John Fairhurst, a Liverpudlian party supply salesman, is a leave-voting optimist. “They say we were misled but that’s just how politicians say we’re thick,” he says. “We get that a lot in the North.”
They say we were misled but that’s just how politicians say we’re thick
He believes that when people voted leave, they wanted to extract themselves from the customs union and the single market and that this should be clear to “waste of space” policy-makers.
Was it not always destined to be messy for businesses? Not at all, he says. He deals with a supplier in Belgium and there has been no hint of a problem. “People will still talk to each other. There’s the phone. There’s the internet . . . Everyone wants to do business.”
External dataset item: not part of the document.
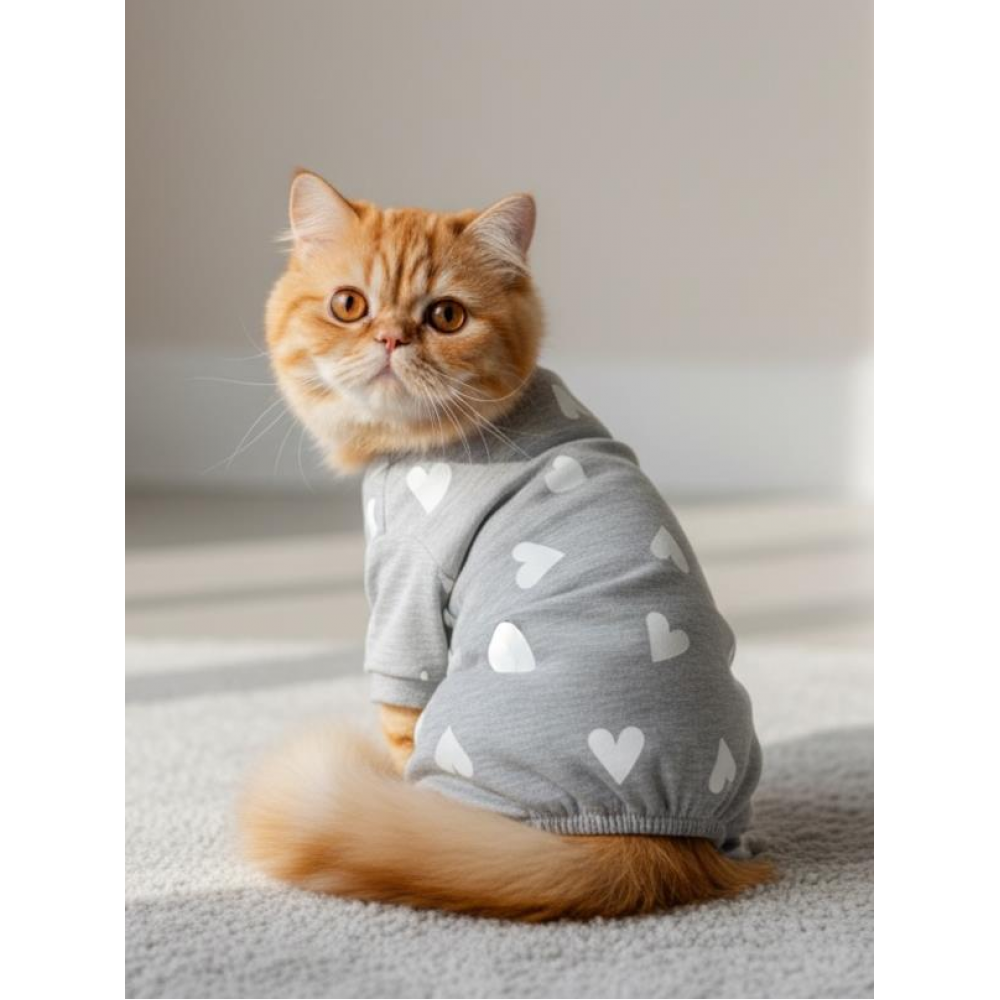 Soft Hearts Kedi Tulumu | Pamuklu Penye Kedi Kıyafeti | Küçük Irklar İçin | Tüy Dökülmesini Azaltır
But why risk it? “It’s important for Britain to control it’s borders.”
What about the Irish Border? He tells me that a relative was caught recently after not paying a toll on the Runcorn Bridge. So, border monitoring technology, he suggests, is already there in the hands of the tolling companies. He is defiantly positive about all this. “The sun will still rise the morning after.”
They’re so fed up of the paralysis they just want to know where we are, even if that is in a hellhole
Ian Lucas, Labour MP for Wrexham, was a remain supporter who, in deference to his Leave-voting constituents, voted to invoke Article 50 (“I’ve been accused of betrayal by both sides”). He wants to heal the divisions and does not want a second referendum because there’s been “no great shift in opinion”.
What is the mood now? He sighs. “[There’s] a very strong view that people just want it to all end . . . I’ve picked up a strong sense from quite sensible people in business that they’re so fed up of the paralysis they just want to know where we are, even if that is in a hellhole. They just want to know if they’re in a hellhole or not.”